After the Court of Justice of the European Union (CJEU) invalidated Privacy Shield, noyb filed 101 identical complaints across every EU member state, targeting websites that continued using Google Analytics and Facebook Connect. The responses from national data protection authorities (DPAs) followed one by one — and the verdicts were unanimous.
The Rulings
- January 2022 — Austria (DSB): The Austrian DPA was the first to rule. It found that a health-focused website's use of Google Analytics violated GDPR because visitor data (including IP addresses and cookie identifiers) was transferred to Google servers in the United States without an adequate legal basis. IP anonymization was in place but was deemed insufficient.

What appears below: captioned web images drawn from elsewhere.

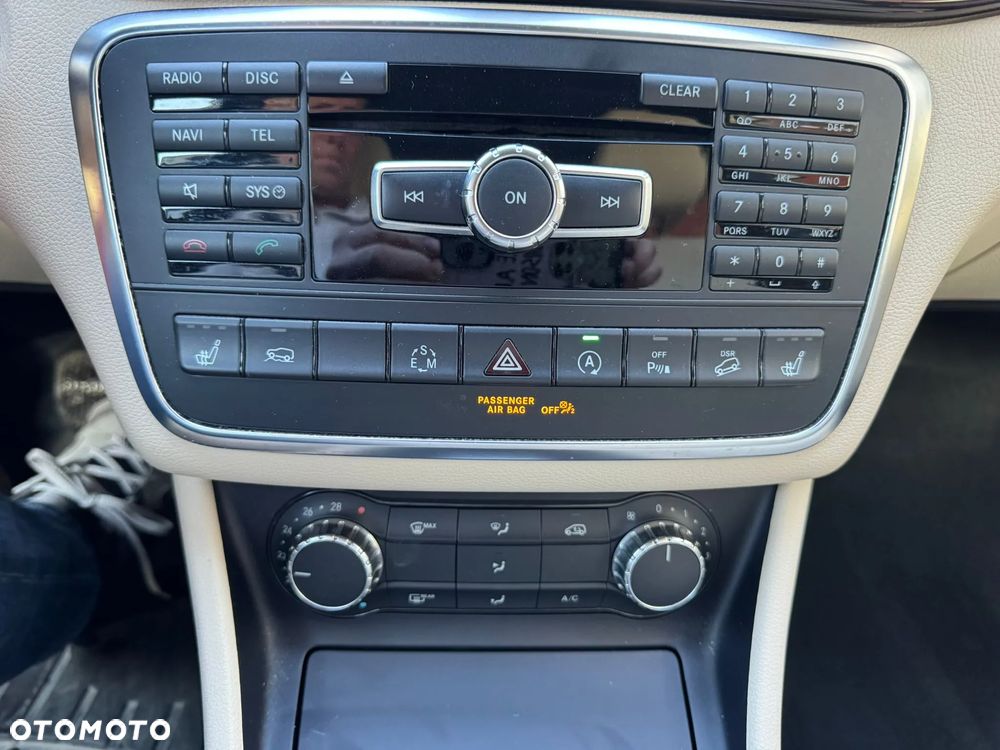 Mercedes-Benz GLA 250 4Matic 7G-DCT Edition 1 - 11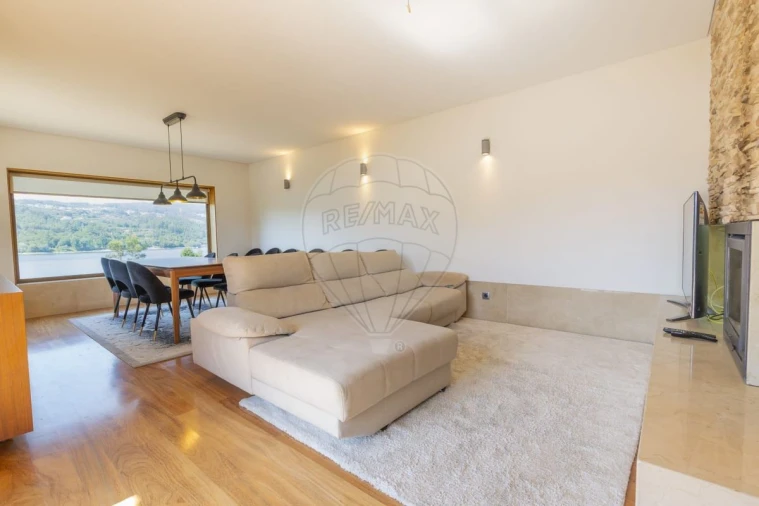 Moradia T4 para Venda em Alpendorada, Várzea e Torrão Foto 7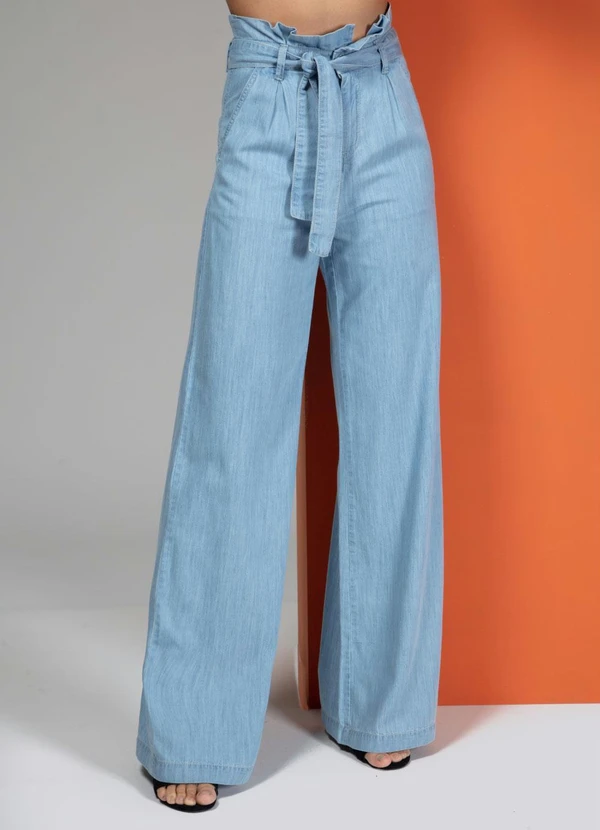 Quintess - Calça Jeans Claro Modelo Clochard Pantalona 5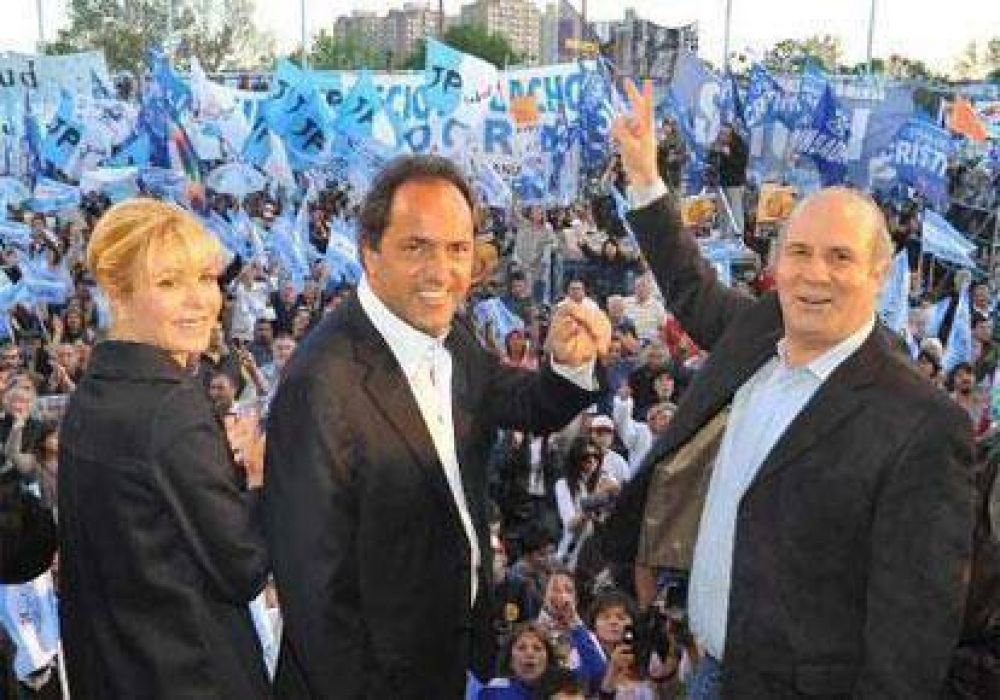 Scioli encabezar� un acto de homenaje a la Mujer en el estadio de Independiente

- February 2022 — France (CNIL): The CNIL ruled that a major French website's use of Google Analytics was illegal. The CNIL explicitly stated that the supplementary measures implemented (including pseudonymization and encryption) were not effective enough to prevent US intelligence agencies from accessing the data. The website was given one month to comply.
- June 2022 — Italy (Garante): Italy's data protection authority ruled against a web publisher, echoing the Austrian and French decisions. The Garante gave a 90-day deadline to bring the website into compliance or stop using Google Analytics entirely.
- September 2022 — Denmark (Datatilsynet): The Danish DPA concluded that Google Analytics could not be used lawfully without effective supplementary measures to protect data transferred to the US. The authority went further, issuing guidance that Standard Contractual Clauses alone were insufficient.
- November 2022 — Finland (Tietosuojavaltuutettu): Finland joined the growing list, ruling that a Finnish website's use of Google Analytics constituted an unlawful transfer of personal data to a third country.
- 2023 — Norway (Datatilsynet): The Norwegian DPA issued a preliminary decision finding Google Analytics use non-compliant, adding Scandinavia to the list of jurisdictions where GA is on shaky legal ground.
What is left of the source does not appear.